The following example uses the `cross-encoder/ms-marco-MiniLM-L-6-v2` model from Hugging Face to rerank search results based on semantic similarity. The model must be uploaded to {{es}} using [Eland](eland://reference/machine-learning.md#ml-nlp-pytorch).

::::{tip}
Refer to [the Elastic NLP model reference](docs-content://explore-analyze/machine-learning/nlp/ml-nlp-model-ref.md#ml-nlp-model-ref-text-similarity) for a list of third party text similarity models supported by {{es}}.

::::


Follow these steps to load the model and create a semantic re-ranker.

1. Install Eland using `pip`

    ```sh
    python -m pip install eland[pytorch]
    ```
    % NOTCONSOLE

2. Upload the model to {{es}} using Eland. This example assumes you have an Elastic Cloud deployment and an API key.

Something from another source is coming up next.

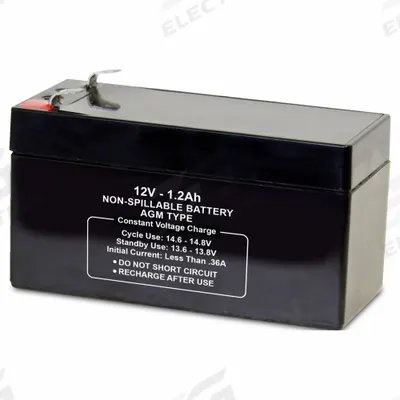 APPROVED VENDOR Sealed Lead Acid Battery: 12V DC, 1.2 Ah Capacity, 2.09 in Ht, 3.82 in Wd - AGM Sealed Lead Acid Batteries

Refer to the [Eland documentation](eland://reference/machine-learning.md#ml-nlp-pytorch-auth) for more authentication options.

    ```sh
    eland_import_hub_model \
      --cloud-id $CLOUD_ID \
      --es-api-key $ES_API_KEY \
      --hub-model-id cross-encoder/ms-marco-MiniLM-L-6-v2 \
      --task-type text_similarity \
      --clear-previous \
      --start
    ```
    % NOTCONSOLE

3. Create an inference endpoint for the `rerank` task

    ```console
    PUT _inference/rerank/my-msmarco-minilm-model
    {
      "service": "elasticsearch",
      "service_settings": {
        "num_allocations": 1,
        "num_threads": 1,
        "model_id": "cross-encoder__ms-marco-minilm-l-6-v2"
      }
    }
    ```
    % TEST[skip:uses ELSER]

4. Define a `text_similarity_rerank` retriever.

    ```console
    POST movies/_search
    {
      "retriever": {
        "text_similarity_reranker": {
          "retriever": {
            "standard": {
              "query": {
                "match": {
                  "genre": "drama"
                }
              }
            }
          },
          "field": "plot",
          "inference_id": "my-msmarco-minilm-model",
          "inference_text": "films that explore psychological depths"
        }
      }
    }
    ```
    % TEST[skip:uses ELSER]

    This retriever uses a standard `match` query to search the `movie` index for films tagged with the genre "drama". It then re-ranks the results based on semantic similarity to the text in the `inference_text` parameter, using the model we uploaded to {{es}}.